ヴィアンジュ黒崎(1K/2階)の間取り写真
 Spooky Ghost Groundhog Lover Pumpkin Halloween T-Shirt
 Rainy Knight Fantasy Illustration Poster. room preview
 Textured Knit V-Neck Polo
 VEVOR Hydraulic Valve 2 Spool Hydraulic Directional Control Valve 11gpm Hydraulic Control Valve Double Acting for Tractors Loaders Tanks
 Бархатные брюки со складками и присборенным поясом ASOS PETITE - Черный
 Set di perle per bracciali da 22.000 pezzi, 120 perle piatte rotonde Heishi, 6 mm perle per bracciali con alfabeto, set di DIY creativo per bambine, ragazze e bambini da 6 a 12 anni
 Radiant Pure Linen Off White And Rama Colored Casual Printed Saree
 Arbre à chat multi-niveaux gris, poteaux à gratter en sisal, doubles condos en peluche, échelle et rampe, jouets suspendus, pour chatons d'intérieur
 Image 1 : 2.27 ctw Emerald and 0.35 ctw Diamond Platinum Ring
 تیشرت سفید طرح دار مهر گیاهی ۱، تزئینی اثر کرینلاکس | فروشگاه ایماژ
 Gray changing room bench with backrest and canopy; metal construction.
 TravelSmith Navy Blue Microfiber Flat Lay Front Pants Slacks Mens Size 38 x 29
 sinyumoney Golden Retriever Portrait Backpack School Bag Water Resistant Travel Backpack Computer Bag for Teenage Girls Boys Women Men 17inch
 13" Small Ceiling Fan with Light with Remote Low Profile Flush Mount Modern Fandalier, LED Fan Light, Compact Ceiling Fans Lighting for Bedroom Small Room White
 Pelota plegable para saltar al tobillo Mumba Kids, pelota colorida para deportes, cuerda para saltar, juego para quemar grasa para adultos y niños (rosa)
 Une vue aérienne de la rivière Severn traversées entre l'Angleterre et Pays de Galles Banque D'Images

━━━━━━

All lines from the one containing "Бархатные брюки со" through the end of the records, both ends included, are to be quoted exactly; please add nothing else.

Answer for the task:
 Бархатные брюки со складками и присборенным поясом ASOS PETITE - Черный
 Set di perle per bracciali da 22.000 pezzi, 120 perle piatte rotonde Heishi, 6 mm perle per bracciali con alfabeto, set di DIY creativo per bambine, ragazze e bambini da 6 a 12 anni
 Radiant Pure Linen Off White And Rama Colored Casual Printed Saree
 Arbre à chat multi-niveaux gris, poteaux à gratter en sisal, doubles condos en peluche, échelle et rampe, jouets suspendus, pour chatons d'intérieur
 Image 1 : 2.27 ctw Emerald and 0.35 ctw Diamond Platinum Ring
 تیشرت سفید طرح دار مهر گیاهی ۱، تزئینی اثر کرینلاکس | فروشگاه ایماژ
 Gray changing room bench with backrest and canopy; metal construction.
 TravelSmith Navy Blue Microfiber Flat Lay Front Pants Slacks Mens Size 38 x 29
 sinyumoney Golden Retriever Portrait Backpack School Bag Water Resistant Travel Backpack Computer Bag for Teenage Girls Boys Women Men 17inch
 13" Small Ceiling Fan with Light with Remote Low Profile Flush Mount Modern Fandalier, LED Fan Light, Compact Ceiling Fans Lighting for Bedroom Small Room White
 Pelota plegable para saltar al tobillo Mumba Kids, pelota colorida para deportes, cuerda para saltar, juego para quemar grasa para adultos y niños (rosa)
 Une vue aérienne de la rivière Severn traversées entre l'Angleterre et Pays de Galles Banque D'Images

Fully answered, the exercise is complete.